§ WORK TASK
Search the listing below for the line with "cover image of", then write out that line and every one after it exactly, without the pictures.

§ DATA FOR REVIEW
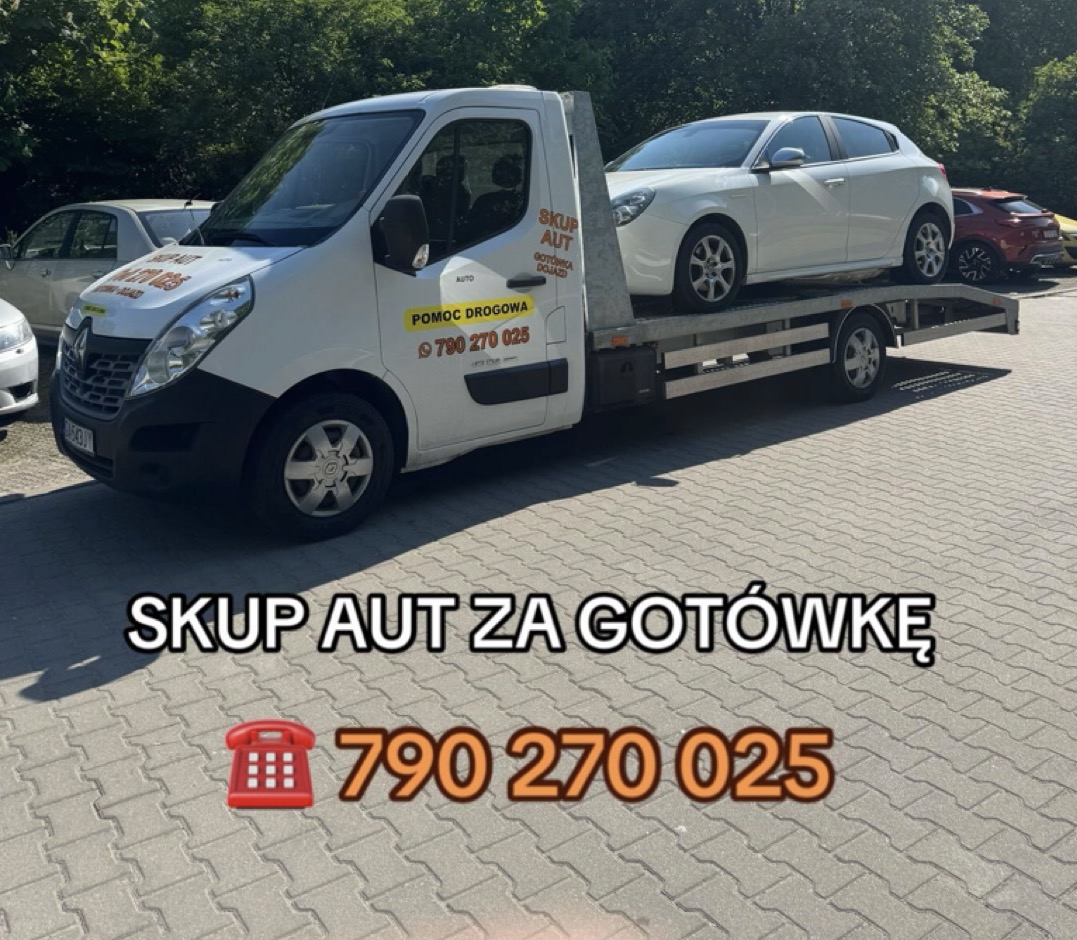 Ostatnia realizacja - skup Alfa Romeo za gotówkę w województwie Pomorskim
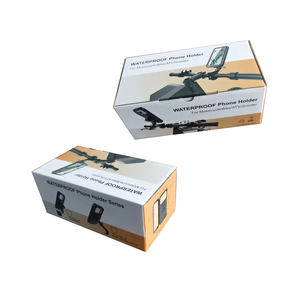 <span class=keywords><strong>Custodia</strong></span> portatelefono <span class=keywords><strong>per</strong></span> <span class=keywords><strong>moto</strong></span> con manubrio a rotazione 360 impermeabile rimovibile <span class=keywords><strong>per</strong></span> 4.5 cellulari '' - 7.0'' - Product Image 3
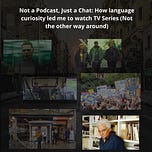 Felicio Dias - Navigating the ebb and flow of Language 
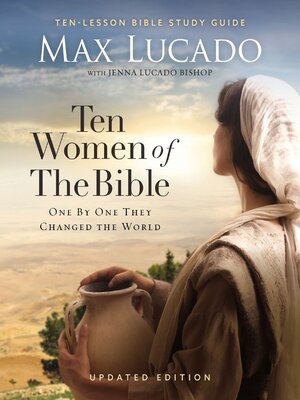cover image of Ten Women of the Bible Updated Edition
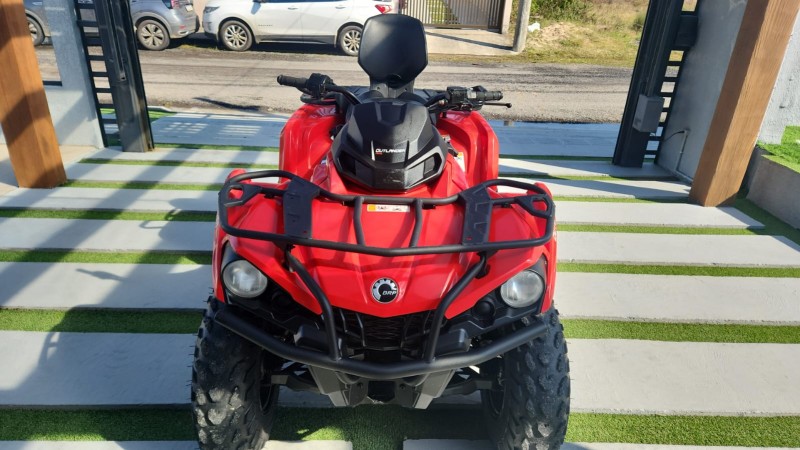 OUTLANDER 570 - 2021 - CAXIAS DO SUL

§ SOLVED EXERCISE
cover image of Ten Women of the Bible Updated Edition
 OUTLANDER 570 - 2021 - CAXIAS DO SUL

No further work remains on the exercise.